By Robert Treharne Jones

A recent attic clearance has revealed a remarkable collection of rowing photographs, cuttings and other memorabilia belonging to Olympic gold medallist Richard Burnell (1917-1995), Robert Treharne Jones writes.

Richard Burnell partnered Bert Bushnell to win gold in the double sculls at the London Olympics in 1948, when the rowing events took place over the Henley course. Their exploits were brought to a wider audience in a 2012 feature film in which several Leander athletes took the role of body doubles for the leading players. The film was entitled Bert and Dickie, a name which caused irritation to the Burnell family as ‘Dick’ had never been known as ‘Dickie’ during his lifetime.

Burnell’s gold medal was unique as it repeated the success of his father, Charles Desborough ‘Don’ Burnell in the GB men’s eight some 40 years earlier. The Burnells’ double gold remains a rarity of father and son winning the ultimate prize in Olympic history.

The Oxford Blue Boat in 1939, featuring Richard Burnell at 5, is pictured with their diminutive cox, Hart Massey, at 5 st 2 lbs the lightest man ever to take part in the Boat Race.

Richard Burnell’s rowing career spanned some 20 years, from his early days at Eton, to Magdalen College, Oxford, and thence to Leander. Having hung up his blade for the last time he continued his career as a journalist, which he had started whilst still competing, when he had the invidious task of reporting for the national press on races in which he had just taken part!

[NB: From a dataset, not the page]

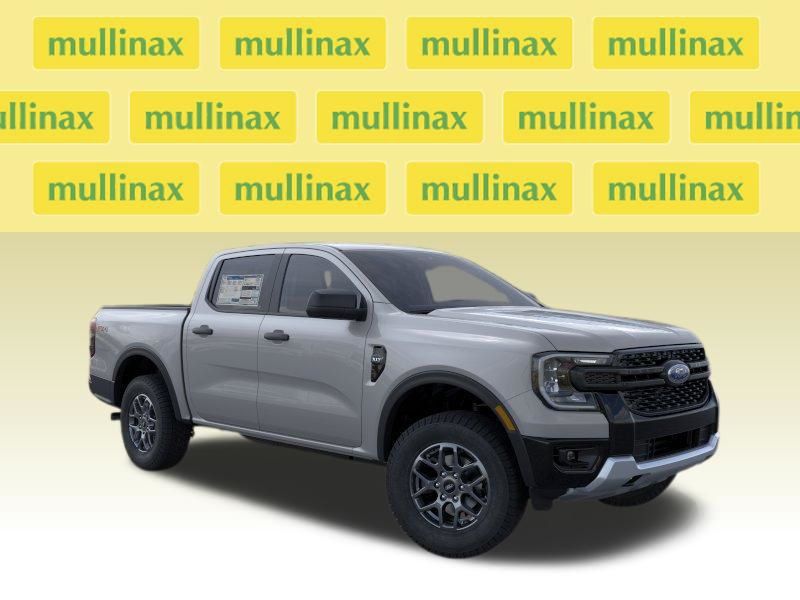 New 2026 White Ford XLT image 34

Throughout his long and successful rowing career at school, university, and with the GB team, he was meticulous in keeping photographs, newspaper cuttings, programmes and records. Following his death in 1995, when he was interred in the family grave in Remenham churchyard, all these keepsakes were safely stored away by his widow, Rosalind, until her own death in 2010.

The records were inherited by Richard and Rosemary’s eldest son Peter, who rowed for Oxford in the Blue Boat in 1962, and it was when he moved house last summer that these items were brought to light again, with many members of the family completely unaware of their existence.

Having completed his competitive career RDB (back row, third from right) was elected Captain of Leander, where he oversaw his club’s success in the Stewards and the Grand in 1953 – the last occasion on which Leander won Henley’s premier event for eights as a club crew.

The collection includes two albums recording his entire rowing career, starting at Eton, where he made his first appearance in the Ladies Plate in 1934, and moving on to further coverage of Henley, the Bumps, the Boat Race, the Olympics and the Empire Games. Another album includes all his more recent press cuttings, as a rowing journalist with the Sunday Times, until the World Championships in Tasmania in 1990. There are notes and accounts from the Newspaper Press Boat Fund, the launch hired by the heavyweight press to follow Boat Race outings, as well as the race itself, before sponsorship covered that expense in the mid-1980s. Finally, there is the original typescript of his Leander history The Brilliants, completed by Geoffrey Page and published after Richard’s death.

These albums are not yet in the public domain, although it is planned that the press cuttings and Boat Race launch notes will be lodged at the River and Rowing Museum, while the Leander history manuscript will go back to the club, when the current restrictions allow.